━━━ RECORDS TO PROCESS
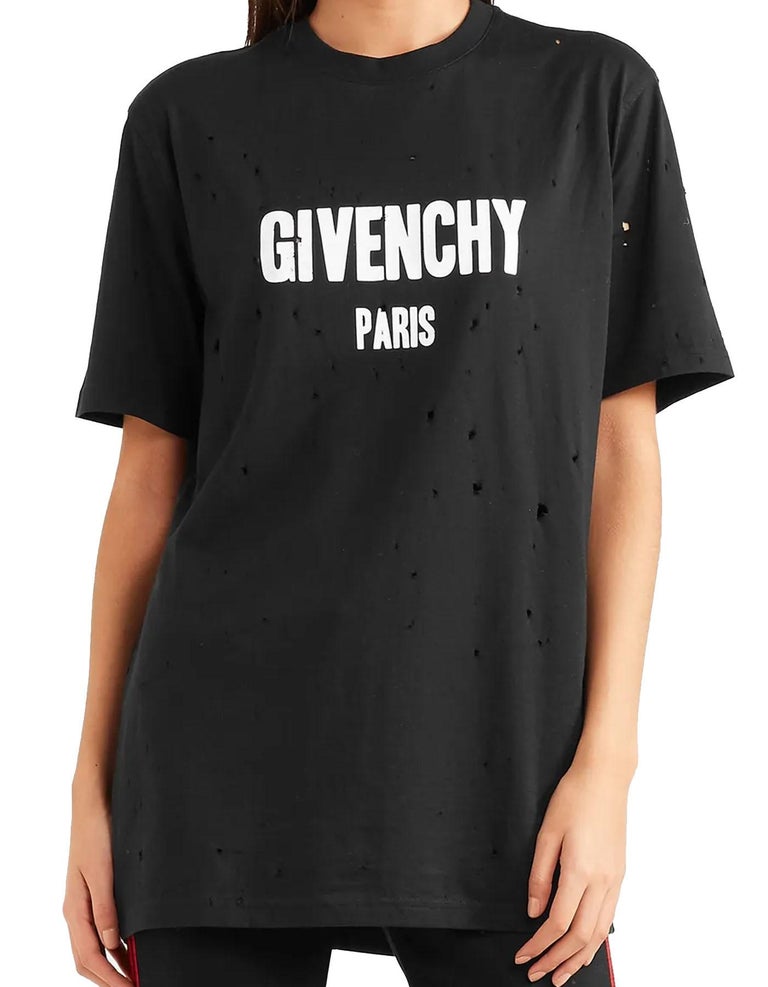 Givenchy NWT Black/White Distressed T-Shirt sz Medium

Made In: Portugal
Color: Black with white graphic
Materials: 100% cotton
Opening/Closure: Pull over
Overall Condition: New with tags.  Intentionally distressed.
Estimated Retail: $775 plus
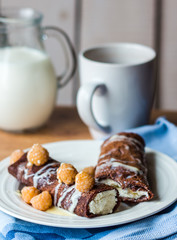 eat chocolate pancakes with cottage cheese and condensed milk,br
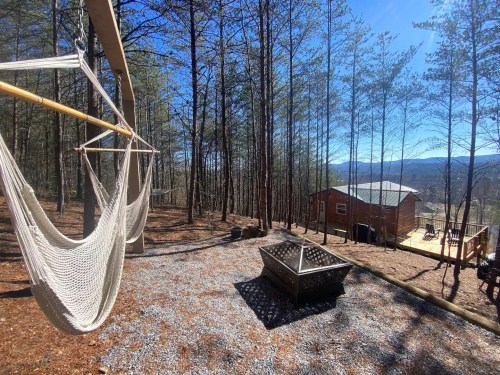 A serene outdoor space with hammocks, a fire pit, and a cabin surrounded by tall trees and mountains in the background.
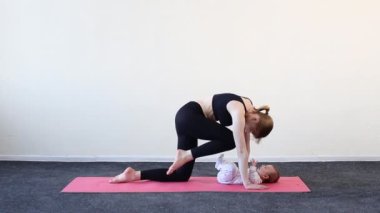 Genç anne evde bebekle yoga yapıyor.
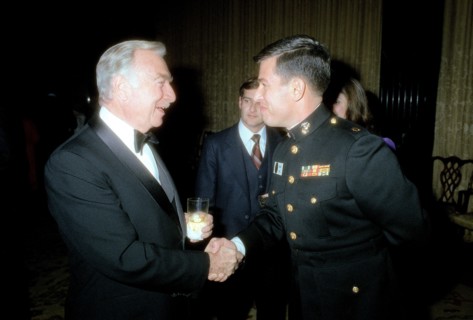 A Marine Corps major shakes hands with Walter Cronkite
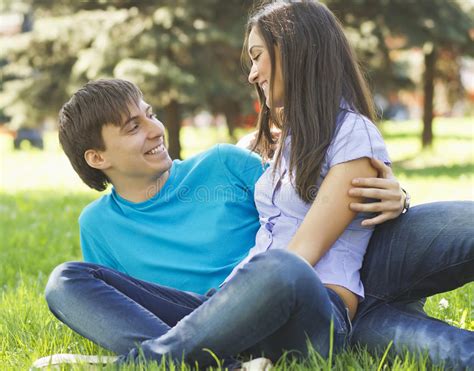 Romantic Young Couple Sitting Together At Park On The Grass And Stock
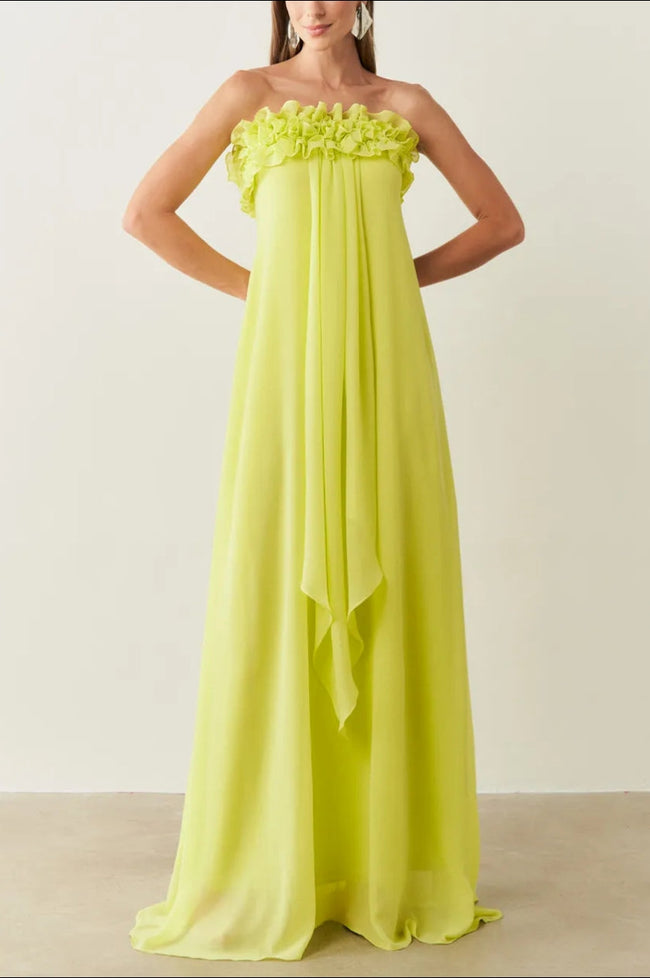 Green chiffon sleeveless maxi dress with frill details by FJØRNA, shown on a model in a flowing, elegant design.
━━━━━━
━━━ RECORDS TO PROCESS
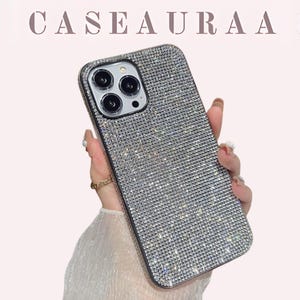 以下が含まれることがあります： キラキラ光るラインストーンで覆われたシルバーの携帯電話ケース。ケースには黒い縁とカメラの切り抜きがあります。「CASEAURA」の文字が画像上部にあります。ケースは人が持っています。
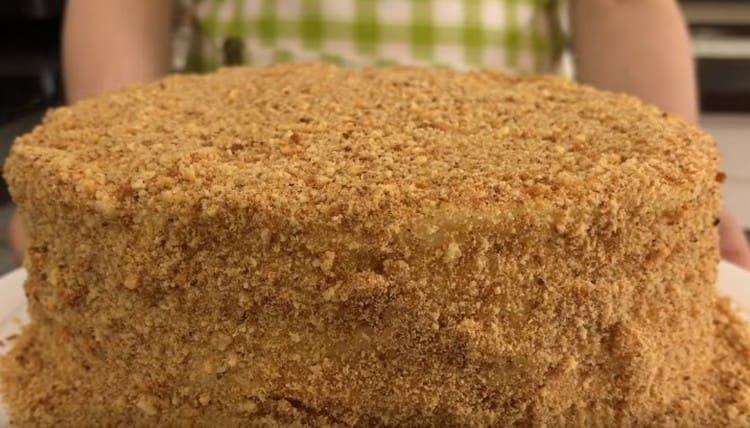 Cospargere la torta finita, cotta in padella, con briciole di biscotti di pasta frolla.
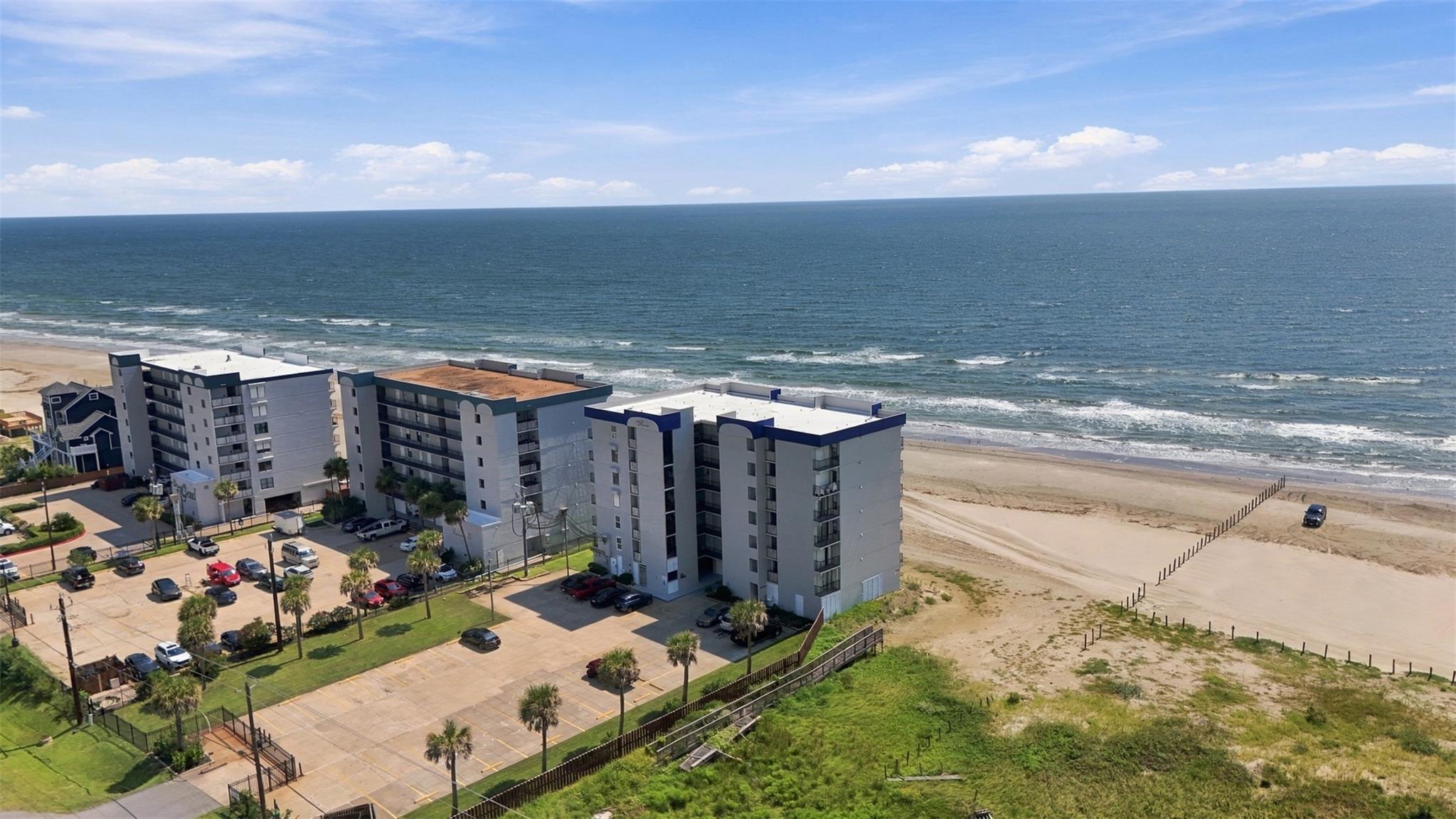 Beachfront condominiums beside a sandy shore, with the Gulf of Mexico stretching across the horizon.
━━━━━━
From the listing above, please give again the lines that begin with the line holding "Color: Black with white graphic" and go on through the line holding "Green chiffon sleeveless", exactly, both ends included, minus any picture.

:: EXERCISE OUTPUT ::
Color: Black with white graphic
Materials: 100% cotton
Opening/Closure: Pull over
Overall Condition: New with tags.  Intentionally distressed.
Estimated Retail: $775 plus
 eat chocolate pancakes with cottage cheese and condensed milk,br
 A serene outdoor space with hammocks, a fire pit, and a cabin surrounded by tall trees and mountains in the background.
 Genç anne evde bebekle yoga yapıyor.
 A Marine Corps major shakes hands with Walter Cronkite
 Romantic Young Couple Sitting Together At Park On The Grass And Stock
 Green chiffon sleeveless maxi dress with frill details by FJØRNA, shown on a model in a flowing, elegant design.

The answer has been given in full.